Open rahulpandita opened 9 years ago
The authors say in the introduction that they will make available "a novel, hand-curated dataset of vulnera- bilities in PHP web applications that will be offered to the community." Is this the sort of thing we care about? Or do we care about the input dataset all with vulnerability and defect metrics? Perhaps both? Is the former too qualitative to be useful to us?
They make available "a raw dataset and a replication dataset. Most users will be interested in the raw dataset, which contains the complete vulnerability and feature data for each application version. A subset of the raw dataset was extracted and reformatted into a replication dataset, which contains the data and scripts required to replicate the results of the study." Which one do we take? Both? Is it dependent on size, or perhaps something else?

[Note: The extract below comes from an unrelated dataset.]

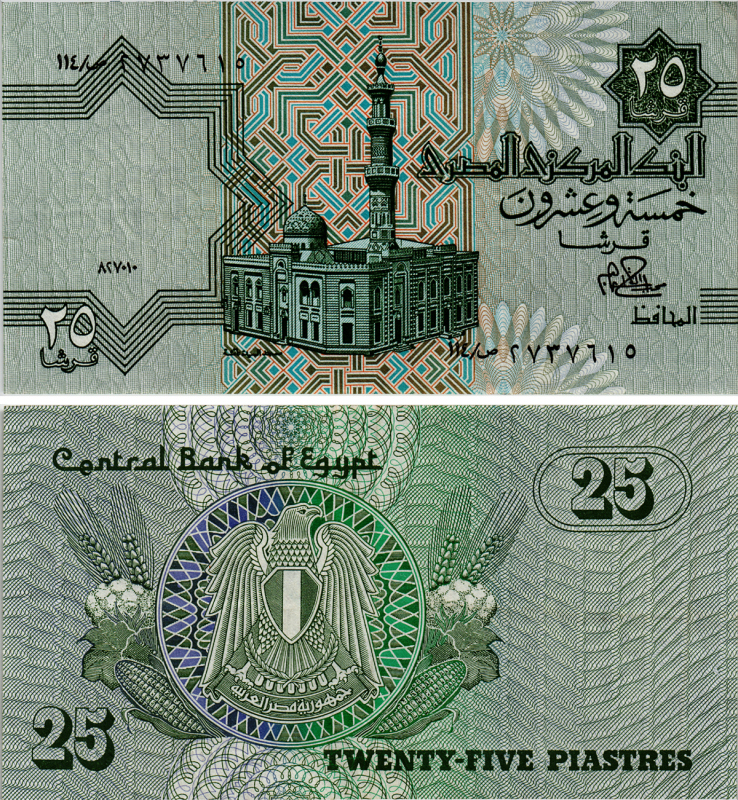 ЕГИПЕТ 25 ПИАСТРОВ 1980-1984 ПОДПИСЬ 15 Pick 54 бумага aUNC 7486-25-3-2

Should we copy the source code of every version of PHPMyAdmin and Moodle to the big repo? They add up to 519 MB total, but the total size of all the other relevant data is less than 30 MB.
Am i reading this right?
if yes and yes then download the RAW and leave the replication.
Predicting Vulnerable Components: Software Metrics vs Text Mining
Link to paper : http://ieeexplore.ieee.org/xpl/articleDetails.jsp?tp=&arnumber=6982351&queryText%3DPredicting+Vulnerable+Components%3A+Software+Metrics+vs+Text+Mining
Link to data : http://seam.cs.umd.edu/webvuldata/
James Walden, Jeffrey Stuckman and Riccardo Scandariato pages: 23-33 doi>10.1109/ISSRE.2014.32 In this paper, we provide a high-quality, public dataset, containing 223 vulnerabilities found in three web applications, to help address this issue. We used this dataset to compare vulnerability prediction models based on text mining with models using software metrics as predictors.